Once through training, we use SignUpGenuis – free, again – for people to sign up for various tasks, such as Casa on Wheels, preparing a meal, donor thank you calls, etc. plus a “remote companion” in the Signal group that provides transportation support and other sensitive information as needed. Next to each task is a description for more information. This data can then be viewed on a calendar on the site.


So how does this all come together when a person is released? First, I send out a Signal message to all that day’s volunteers to make sure we’re all connected and I also inform the Casa on Wheels volunteer.

We greet the guest(s) and see what their immediate needs are by asking them if they have family here, or where they’re trying to head to.  When they come to the van we say “Let’s go shopping!” and let them pick what they’d like for their backpack.

Burner phones are ready – set up and charged. We also give out calling cards.

Travel plans are coordinated at Casa de Paz. That’s when we activate the remote companions to search for bus or plane tickets and hotel rooms, and to contact family members or friends. For most folks, we’re able to find a same day bus or plane ticket. We use an online spreadsheet to track all details related to travel that’s shared with volunteers.

Then we eat dinner, and go shopping (again)! for additional clothing and other items.


Once we arrive at the airport, the first thing we do is to print out tickets at the counter or kiosk. Then we prepare our guest for interaction with TSA so they’re not surprised or afraid. As we walk them to the gate, we make sure to point things out along the way, such as bathrooms and customer service. All these little things are so helpful and reassuring to our guests. And, if needed, we also run through a connecting flight scenario.


Here again, the first thing we do is print out a ticket. If required, we’ll ask someone to help explain the transfer process.


If a guest doesn’t have an ID then we ask a volunteer to book a room under their name.

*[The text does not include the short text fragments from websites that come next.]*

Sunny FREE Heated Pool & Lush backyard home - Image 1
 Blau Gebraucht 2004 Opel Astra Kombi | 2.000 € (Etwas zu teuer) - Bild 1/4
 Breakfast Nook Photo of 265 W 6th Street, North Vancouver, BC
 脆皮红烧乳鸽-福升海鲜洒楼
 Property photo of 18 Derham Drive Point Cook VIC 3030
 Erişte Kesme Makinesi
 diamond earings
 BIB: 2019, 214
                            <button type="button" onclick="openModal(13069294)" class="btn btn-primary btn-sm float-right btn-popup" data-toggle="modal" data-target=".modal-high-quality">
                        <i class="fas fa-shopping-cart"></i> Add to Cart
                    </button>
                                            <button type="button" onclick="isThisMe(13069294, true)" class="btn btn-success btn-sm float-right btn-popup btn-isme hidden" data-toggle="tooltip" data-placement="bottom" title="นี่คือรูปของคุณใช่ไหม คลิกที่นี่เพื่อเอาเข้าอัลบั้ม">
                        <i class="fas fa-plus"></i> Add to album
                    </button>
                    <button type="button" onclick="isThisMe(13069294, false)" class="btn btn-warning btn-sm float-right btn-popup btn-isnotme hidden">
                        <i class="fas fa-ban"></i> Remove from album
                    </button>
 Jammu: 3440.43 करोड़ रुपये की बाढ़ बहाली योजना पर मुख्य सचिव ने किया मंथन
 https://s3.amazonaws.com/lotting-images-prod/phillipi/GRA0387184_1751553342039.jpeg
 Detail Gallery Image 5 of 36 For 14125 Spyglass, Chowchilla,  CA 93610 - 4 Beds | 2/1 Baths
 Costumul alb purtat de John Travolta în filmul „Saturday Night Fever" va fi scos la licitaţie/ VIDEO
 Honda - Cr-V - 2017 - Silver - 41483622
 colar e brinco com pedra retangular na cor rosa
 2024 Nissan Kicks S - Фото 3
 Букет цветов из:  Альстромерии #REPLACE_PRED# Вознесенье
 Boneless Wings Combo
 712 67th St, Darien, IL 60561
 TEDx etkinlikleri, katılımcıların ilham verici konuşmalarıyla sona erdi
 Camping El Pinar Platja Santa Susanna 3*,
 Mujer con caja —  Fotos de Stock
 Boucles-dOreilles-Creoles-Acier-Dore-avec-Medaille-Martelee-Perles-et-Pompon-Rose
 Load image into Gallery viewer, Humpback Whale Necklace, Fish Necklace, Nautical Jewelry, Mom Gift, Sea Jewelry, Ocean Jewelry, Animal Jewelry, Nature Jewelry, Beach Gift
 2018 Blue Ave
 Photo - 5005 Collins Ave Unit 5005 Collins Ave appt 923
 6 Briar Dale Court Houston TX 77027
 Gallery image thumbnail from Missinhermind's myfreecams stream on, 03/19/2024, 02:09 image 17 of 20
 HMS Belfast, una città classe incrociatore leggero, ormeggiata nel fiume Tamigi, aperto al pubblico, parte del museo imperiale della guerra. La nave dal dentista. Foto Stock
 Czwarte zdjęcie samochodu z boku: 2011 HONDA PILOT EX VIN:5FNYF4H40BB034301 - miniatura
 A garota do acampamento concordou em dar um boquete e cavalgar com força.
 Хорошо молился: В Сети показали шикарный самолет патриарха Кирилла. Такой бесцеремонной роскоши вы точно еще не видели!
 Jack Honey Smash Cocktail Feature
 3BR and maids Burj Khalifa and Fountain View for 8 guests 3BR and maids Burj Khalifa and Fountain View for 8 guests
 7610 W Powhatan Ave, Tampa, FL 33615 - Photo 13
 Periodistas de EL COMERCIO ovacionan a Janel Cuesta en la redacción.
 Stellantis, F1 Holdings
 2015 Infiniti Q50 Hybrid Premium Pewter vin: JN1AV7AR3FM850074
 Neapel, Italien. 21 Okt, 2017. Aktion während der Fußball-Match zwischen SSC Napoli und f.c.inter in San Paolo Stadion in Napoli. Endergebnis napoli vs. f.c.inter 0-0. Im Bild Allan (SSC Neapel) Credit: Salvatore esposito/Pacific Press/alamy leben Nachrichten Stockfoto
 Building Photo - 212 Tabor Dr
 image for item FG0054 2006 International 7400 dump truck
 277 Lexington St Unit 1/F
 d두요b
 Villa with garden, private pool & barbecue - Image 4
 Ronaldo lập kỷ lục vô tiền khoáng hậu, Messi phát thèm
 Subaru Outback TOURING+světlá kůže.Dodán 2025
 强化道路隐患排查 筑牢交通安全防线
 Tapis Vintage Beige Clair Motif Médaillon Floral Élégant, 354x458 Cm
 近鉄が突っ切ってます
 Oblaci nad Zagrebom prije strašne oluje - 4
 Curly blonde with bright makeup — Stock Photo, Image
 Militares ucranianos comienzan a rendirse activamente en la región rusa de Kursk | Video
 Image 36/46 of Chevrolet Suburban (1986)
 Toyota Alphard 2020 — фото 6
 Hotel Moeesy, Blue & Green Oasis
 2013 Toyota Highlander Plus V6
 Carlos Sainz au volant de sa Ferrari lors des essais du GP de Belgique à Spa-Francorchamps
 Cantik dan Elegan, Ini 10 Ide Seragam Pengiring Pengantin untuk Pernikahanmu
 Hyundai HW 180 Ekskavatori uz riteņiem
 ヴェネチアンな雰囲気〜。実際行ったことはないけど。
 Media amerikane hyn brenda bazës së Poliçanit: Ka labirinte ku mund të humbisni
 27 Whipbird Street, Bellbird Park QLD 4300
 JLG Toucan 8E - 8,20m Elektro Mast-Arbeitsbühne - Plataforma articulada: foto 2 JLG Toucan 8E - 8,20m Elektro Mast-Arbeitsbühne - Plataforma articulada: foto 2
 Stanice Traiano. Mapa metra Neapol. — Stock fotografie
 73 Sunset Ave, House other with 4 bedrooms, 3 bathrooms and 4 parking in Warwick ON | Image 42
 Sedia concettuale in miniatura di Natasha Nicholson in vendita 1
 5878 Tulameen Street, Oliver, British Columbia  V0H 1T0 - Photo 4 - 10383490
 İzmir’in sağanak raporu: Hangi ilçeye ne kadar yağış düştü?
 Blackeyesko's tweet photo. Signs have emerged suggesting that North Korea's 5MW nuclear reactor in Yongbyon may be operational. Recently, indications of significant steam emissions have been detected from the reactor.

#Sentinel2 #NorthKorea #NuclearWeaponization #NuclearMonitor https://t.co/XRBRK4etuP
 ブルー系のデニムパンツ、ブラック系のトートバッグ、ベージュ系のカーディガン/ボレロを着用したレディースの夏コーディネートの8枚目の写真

Finally, we ask our guests to let us know when they have arrived safely at their destination. We let them know we’d love to keep in touch with them. We also connect them to other organizations in the area we know and trust, and ask them if they need assistance with ESL courses or job searches.

This is simple, but important work. While we are there to provide basic necessities for someone to get to their final destination, what we’re doing is so much more. We are reminding folks that they not only are welcome here, but that they belong here. Standing alongside our immigrant friends that are impacted by ICE detention is one way that we, as global citizens, can create a more welcoming world for all of us to live in.